October 5

Ignorance remains a delicate flower

 

It is surprising how little some Australian commentators on the American election understand the US constitutional system.


That the US House of Representatives rejected the bail out when it first came before it is not at all surprising.  

Because they hate him, too many commentators jumped to the conclusion that this only happened because President Bush, alone among US departing presidents, had lost all authority.

Once again, this illustrates the danger of trying to fit the news to one’s personal preferences.

Since they changed the constitution to limit presidents to two terms, all presidents now lose some  authority in the last few months of their  second terms, as President Clinton did.

But most importantly, Washington is not Westminster. Administrations are not made nor do they fall on the floor of the House, or indeed on the floor of the more powerful Senate.

The administration is vested in one person – the president – for four years.

Voting against a president’s proposal, however crucial, does not bring the administration down. There is then no incentive to develop the tight party system we know.

The fact that the House feels free to vote against the President is a check and balance in a republic where politicians fill all of the branches of government.

In the last few decades, this has extended even to the Supreme Court.

Supreme Court justices are appointed through what has become a highly politicised process.

This is a direct result of the court seizing a clearly legislative role disguised as constitutional

interpretation.  “As Ye Sow, So Shall Ye Reap.”

….Gerard Henderson calls a halt…

The checks and balances are different in a constitutional monarchy, or as John Howard and Justice Michael Kirby prefer, a crowned republic.

In ours, the Australian Crown is one check and balance on the interdependence of the House and the government.

It took Gerard Henderson, who is committed to constitutional change here, to remind commentators of the fundamental features of the American constitutional system.

Speaking on the on the ABC’s Insiders on 4 October, 2008, Dr. Henderson also reminded the media of their unmitigated bias about the US election.

This is not only in the US but also Australia.

Surely the media’s role is to inform, not to campaign. It will be for the people of the United States, through their votes of delegates to the Electoral College, who will decide who will govern.

One example, if not of bias, of certainly imbalance, was on the ABC’s Q & A on 2 October, 2008. This  featured a satirical clip on Governor Sarah Palin. So why wasn't there one on Senator Joe Biden?

For the Senator, they would not have even needed a script. It is not uncommon for candidates to give intereviews they later regret. The media should not concentrate on one side.

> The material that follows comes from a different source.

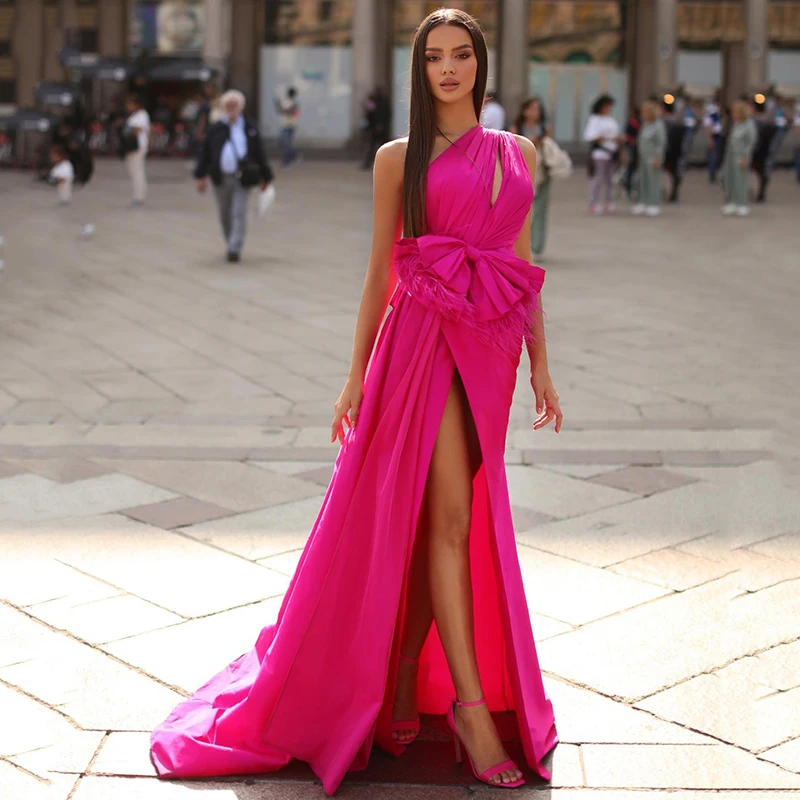 Официальное вечернее платье с юбкой-годе, на одно плечо, с разрезом сбоку
Официальное вечернее платье с юбкой-годе, на одно плечо, с разрезом сбоку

Senator Biden said recently:

” Part of what a leader does is to instil confidence and demonstrate that he or she knows what their talking about…..In the stock market crash of 1929,  Franklin Roosevelt got on television…."

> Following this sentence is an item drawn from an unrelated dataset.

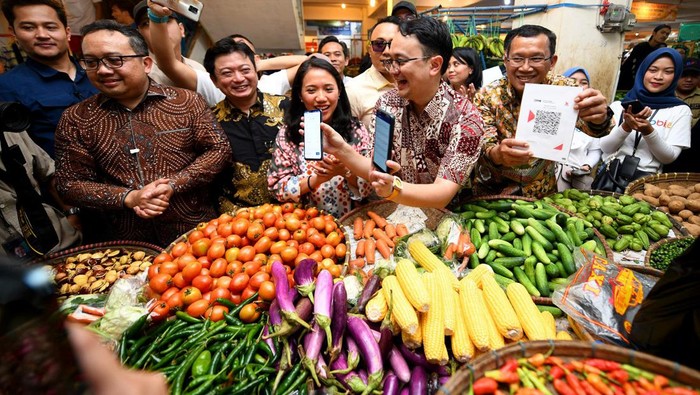 Dorong Ekosistem Digital di Pasar Tradisional Bank BTN terus melakukan ekspansi ke pasar-pasar tradisional guna mengimplementasikan digitalisasi pasar lewat BTN Mobile yang juga memperkuat sistem pembayaran dan inklusi keuangan.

There is no record of the then President, President Hoover, going on television at this time; this was some years before regular broadcasts began in London.

That last ABC Q&A for the year (and we are barely in the last quarter of the year) had a painfully overloaded panel, a hyperactive audience and too much of a tendency to throw the switch to vaudeville.

The revelation was Tom Switzer, former opinion editor of The Australian and former senior policy adviser to Dr. Brendan Nelson.

A young conservative who is clearly very independent, he is a TV natural.